Raoul Fracassin, c’est Lino Ventura, le meilleur élément des services secrets français. Pourtant, il vient tout juste d’essuyer un échec cuisant à Dallas: il n’a pu empêcher l’assassinat de Kennedy. « Ca sent le chienlit » et De Gaulle (interprété par lui-même) de lui remonter les bretelles. Mais une autre mission internationale va très vite lui être donnée: nous sommes en juin 1964 et le Roi Mustapha 129 du Taginastan vient de mourir empoisonné par son félon de frère, Ibrahim Moktar Ben Fourboul, qui convoite le pouvoir. Il est proche du but mais il lui reste encore à éliminer son neveu, logiquement héritier du trône. C’est là qu’intervient Fracassin pour surveiller et protéger l’héritier actuellement en Suisse pour ses études. Il s’est désormais réfugié dans la planque du Bourget. C’est là que file Raoul pour retrouver des agents ennemis de pays amis pour faire force commune: l’Américain James North (Michel Constantin), le Russe Vladimir Routine (Bernard Blier) et l Lord Winston Caine (Francis Blanche). À ces quatre-là, il faudra laisser les broutilles de côté car l’affaire risque vite de dégénérer. Les mercenaires kraspiens, dont le président Boris Vaporeff a passé des accords avec Ben Fourboul, semble bien décidé à tout faire péter pour récupérer l’héritier. Bref, ça va flinguer de tous côtés!

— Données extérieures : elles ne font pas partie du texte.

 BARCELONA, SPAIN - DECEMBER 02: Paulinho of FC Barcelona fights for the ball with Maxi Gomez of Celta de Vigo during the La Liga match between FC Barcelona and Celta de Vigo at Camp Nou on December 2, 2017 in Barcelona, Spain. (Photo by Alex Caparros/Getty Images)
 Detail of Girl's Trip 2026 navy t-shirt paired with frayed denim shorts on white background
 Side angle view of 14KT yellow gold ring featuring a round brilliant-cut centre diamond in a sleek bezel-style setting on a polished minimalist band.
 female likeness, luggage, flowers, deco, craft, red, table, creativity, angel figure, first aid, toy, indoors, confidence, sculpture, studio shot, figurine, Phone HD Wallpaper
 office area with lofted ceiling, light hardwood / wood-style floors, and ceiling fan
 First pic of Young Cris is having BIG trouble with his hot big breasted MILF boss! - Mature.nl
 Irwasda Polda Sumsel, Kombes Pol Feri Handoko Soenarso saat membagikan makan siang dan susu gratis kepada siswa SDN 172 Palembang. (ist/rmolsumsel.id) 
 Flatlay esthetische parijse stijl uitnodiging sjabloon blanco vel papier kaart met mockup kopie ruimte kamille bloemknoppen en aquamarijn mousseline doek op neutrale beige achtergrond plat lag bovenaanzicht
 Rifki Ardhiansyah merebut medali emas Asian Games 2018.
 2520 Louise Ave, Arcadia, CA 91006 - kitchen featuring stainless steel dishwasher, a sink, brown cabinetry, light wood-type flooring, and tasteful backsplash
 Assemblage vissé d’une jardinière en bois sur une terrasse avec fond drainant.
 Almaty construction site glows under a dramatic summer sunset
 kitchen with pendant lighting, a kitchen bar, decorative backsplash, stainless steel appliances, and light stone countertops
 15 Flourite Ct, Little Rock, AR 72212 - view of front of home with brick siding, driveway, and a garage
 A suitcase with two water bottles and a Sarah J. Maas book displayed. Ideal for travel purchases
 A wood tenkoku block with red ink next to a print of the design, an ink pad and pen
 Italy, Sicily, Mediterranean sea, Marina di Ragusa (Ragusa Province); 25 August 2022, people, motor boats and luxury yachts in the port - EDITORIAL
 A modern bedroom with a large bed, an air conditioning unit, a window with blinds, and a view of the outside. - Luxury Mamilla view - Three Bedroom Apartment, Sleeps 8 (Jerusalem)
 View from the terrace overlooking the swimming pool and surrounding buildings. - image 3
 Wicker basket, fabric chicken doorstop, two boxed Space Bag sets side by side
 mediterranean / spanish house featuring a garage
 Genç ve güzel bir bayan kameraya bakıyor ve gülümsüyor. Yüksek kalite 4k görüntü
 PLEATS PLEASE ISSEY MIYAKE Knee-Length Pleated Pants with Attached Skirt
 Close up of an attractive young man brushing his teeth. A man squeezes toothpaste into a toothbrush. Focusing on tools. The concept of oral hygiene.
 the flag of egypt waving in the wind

Mine de rien, Georges Lautner (paix à son âme et son talent) peut se targuer d’avoir créé quelques uns des personnages les plus emblématiques du cinéma français. La preuve, on n’en parle toujours aujourd’hui et on se les réapproprie indéfiniment (la preuve avec le dernier Lucky Luke signé, entre autres, par Laurent Gerra que l’on sait enfant de la balle). Ici, Philippe Chanoinat et Philippe Loirat y arrive aussi plutôt bien dans cet hommage qui aurait clairement eu sa place dans la filmographie de Lautner. Il y a à la fois du mimétisme (des répliques à la Audiard quasiment à chaque planche et qui méritent de devenir cultes elles aussi. Bon allez petit coup de cœur pour celle-là: « Je vais leur faire du Baudelaire façon Général Patton« ) et de l’originalité couillue. Du bagout aussi, car il en faut pour oser, avec raison, récupérer un Robert Dalban, un Jean Lefebvre, des Lino Ventura sans trahir leur esprit. Sans en faire une parodie plate, risible, inutile et sans envergure. Ici, de l’envergure, il y en a et tout fonctionne.
L’histoire tient la route (même si on ne peut pas en dire autant des voitures de cette histoire) et les caricatures de Loirat sont excellentes, géniales (j’ai même poussé le vice jusqu’à aller sur sa page Facebook, que de trésors!). On lui reprochera peut-être un certain côté figé dans son dessin. Mais non même pas! Car ce dessin crie également qu’en 50 ans, tous ces héros n’ont pas bougé, pas changé et qu’un « simple » trait de crayon réussit à ranimer la flamme. C’est jouissif, hors-norme et, en tout cas, de bien beaux héritiers!